Below are the records; copy each line in which "with" occurs.

--- START ---

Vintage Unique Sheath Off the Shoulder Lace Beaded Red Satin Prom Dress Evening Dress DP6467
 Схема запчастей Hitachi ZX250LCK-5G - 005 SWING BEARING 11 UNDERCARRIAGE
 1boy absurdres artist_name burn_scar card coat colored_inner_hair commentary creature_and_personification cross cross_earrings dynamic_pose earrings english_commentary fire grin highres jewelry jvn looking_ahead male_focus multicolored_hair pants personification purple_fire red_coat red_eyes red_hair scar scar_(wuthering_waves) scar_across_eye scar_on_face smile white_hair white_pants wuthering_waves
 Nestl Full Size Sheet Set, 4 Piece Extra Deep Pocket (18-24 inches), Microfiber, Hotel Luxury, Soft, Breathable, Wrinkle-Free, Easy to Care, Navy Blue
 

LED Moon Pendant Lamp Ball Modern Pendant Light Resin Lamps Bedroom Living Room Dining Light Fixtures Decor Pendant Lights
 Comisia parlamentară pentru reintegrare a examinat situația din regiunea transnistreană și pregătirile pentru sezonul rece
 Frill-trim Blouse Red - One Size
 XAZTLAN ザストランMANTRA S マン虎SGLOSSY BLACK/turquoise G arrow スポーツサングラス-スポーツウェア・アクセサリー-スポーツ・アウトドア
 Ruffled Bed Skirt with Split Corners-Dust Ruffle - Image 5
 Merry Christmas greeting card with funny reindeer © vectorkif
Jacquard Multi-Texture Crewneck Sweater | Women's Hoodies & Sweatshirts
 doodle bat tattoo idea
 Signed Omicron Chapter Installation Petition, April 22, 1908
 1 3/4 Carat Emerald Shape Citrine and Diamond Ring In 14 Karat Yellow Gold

--- END ---

## Result of the task
 Ruffled Bed Skirt with Split Corners-Dust Ruffle - Image 5
 Merry Christmas greeting card with funny reindeer © vectorkif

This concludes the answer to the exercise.